EMC has blamed missing Wall Street revenue expectations on the US government shutdown and a string of last-minute deals in the third quarter.
Analysts expected EMC's sales for the three months to 30 September to hit the $5.8bn (£3.56bn) mark, but the storage giant instead posted $5.54bn turnover.
Although the figure was up annually by five per cent, it fell £250m short of EMC's own internal forecast too.
Earlier this month, US debt concerns led to a partial shutdown of the government, and EMC said this strongly affected its sales figure.
On a conference call transcribed by Seeking Alpha, the firm's chief operating officer David Goulden said: "Many storage product orders from the US federal government that were expected to close in the last weeks of the quarter did not, due to less-than-expected year-end budget money and unexpected reprioritisation of these year-end budgets ahead of the federal government shutdown."
Goulden added that an extra $100m of the shortfall was accounted for due to last-minute customer spending.
"More storage products than we expected came in on the very last day of the quarter, which as you know was a Monday, making fulfilments to these orders in Q3 extremely difficult," he said. "As a result, storage product orders we received that we didn't ship in the quarter were $100m higher than we expected."
Net profit attributable to EMC slumped 6.4 per cent to $586m in Q3, but despite what Goulden described as a "disappointing quarter", he remained confident for the future.

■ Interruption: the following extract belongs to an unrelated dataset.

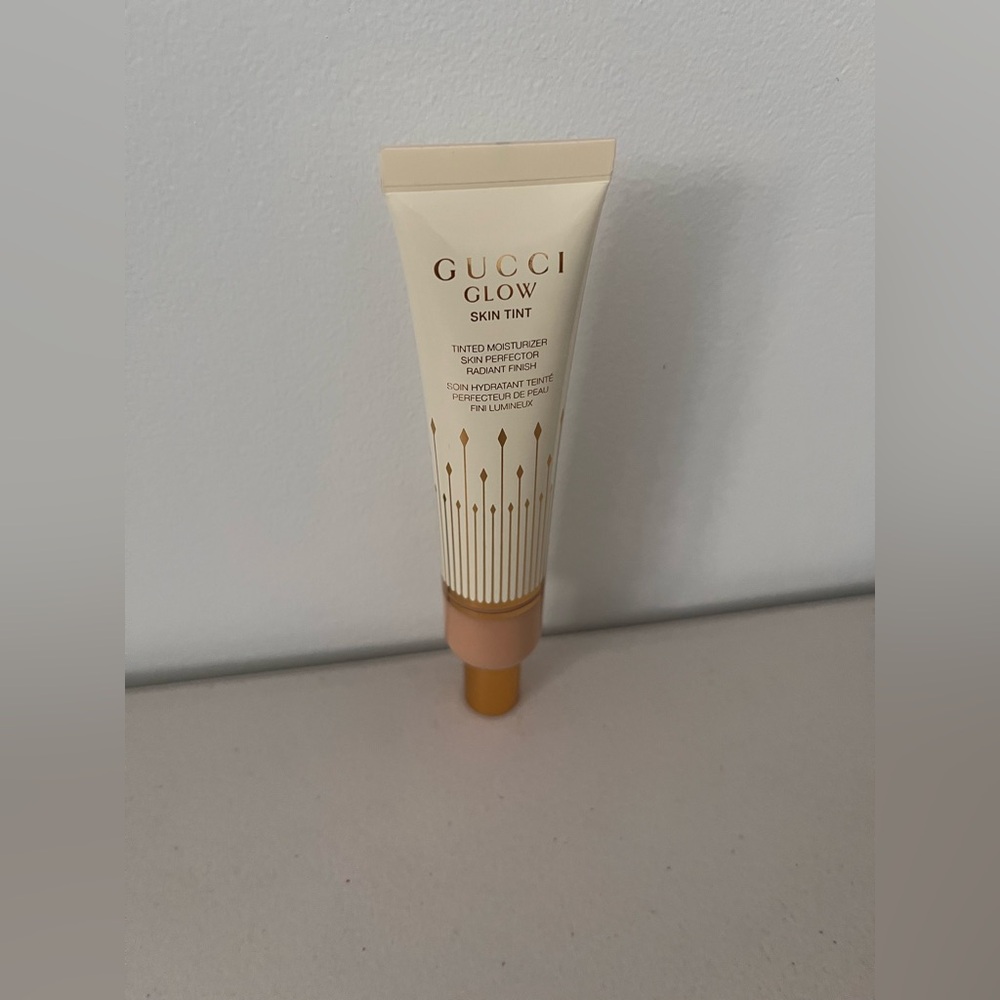 Gucci Glow Skin Tint - medium 33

"While our financial results for the third quarter were impacted by a decline in US federal spending and a backend-loaded quarter, we achieved almost all of our strategic and operational goals," he said.
"We were pleased to see storage demand accelerate in the third quarter excluding US federal, and we think this is an encouraging sign for the storage market overall. Going forward, we remain confident EMC will continue to grow and gain market share."